Enough already. The out-of-control cupcake craze of the past few years has peaked, leaving a trail of overwrought treats in its wake (and the somewhat frightening prospect of a cupcake vending machine.) Perhaps the most collateral damage has been done to the reputation of the Red Velvet Cake, touted by many bakeries as the ultimate variety, the cupcake supreme.
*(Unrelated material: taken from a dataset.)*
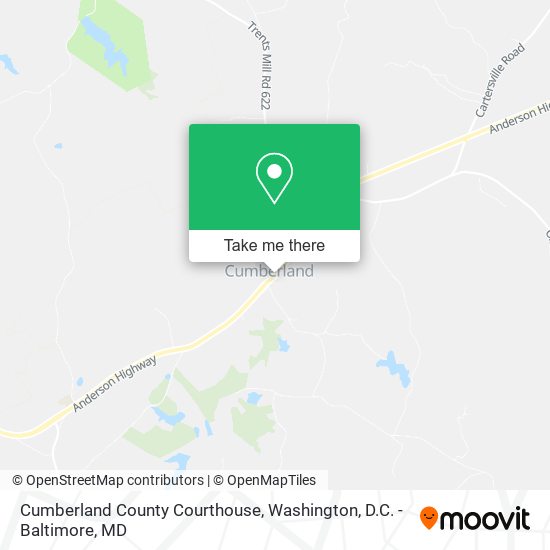 Cumberland County Courthouse map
But an office celebration a couple of weeks ago, with cupcakes from one of New York’s most famous purveyors, provided the sorriest sample to date: a Red Velvet cupcake that was so red it looked like it was bleeding, with a hefty dollop of frosting that tasting like slightly sweetened Crisco. “I don’t get it,” one taster said. “Why are people so crazy about Red Velvet?”
To set the record straight about why the Red Velvet Cake/Cupcake is so beloved, we baked up a batch using an old-fashioned recipe via the Waldorf Astoria, and offered some words of wisdom on the side:
- Yes, a Red Velvet Cake is a chocolate cake, a butter velvet cake recipe that results in a finely textured crumb, incorporating cocoa for a light, chocolately flavor.
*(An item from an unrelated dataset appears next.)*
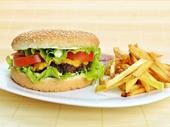 takeaway bbq chicken burgers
- No, a Red Velvet Cake does not have to be neon red in color. The reaction between buttermilk, vinegar and cocoa in the original recipes gave the cake a reddish-brown tinge, and subsequent recipes began to add red food coloring to emphasize the idea of a devil’s food cake. But newer recipes have bumped up the food coloring to absurd amounts, with some calling for an entire bottle of red color. Who really wants to consume that much food coloring?
- Yes, there are chocolate cake recipes with beets (which do lend color and moisture) but Red Velvet is not one of them, no matter how much the girls consuming all those cupcakes might want to think they are getting some nutrition. (Ok, we’ll concede that beets were used during World War II, when food dyes were scarce.)
- No, a Red Velvet Cake does not always have cream cheese frosting. Original recipes call for an unusual cooked, French butter roux icing, called ermine icing, that isn’t very sweet. It mimics the lightness of whipped cream, but holds up better without refrigeration, and provides a lovely counterpoint to the chocolate cake.
- Yes, cream cheese frosting is an option. But to my point of view, it’s a heavy-handed topping. Do give the ermine icing a try. More than one of those tasting the old-fashioned version after that blood-red commercial cupcake were convinced that they’d eaten cream cheese frosting.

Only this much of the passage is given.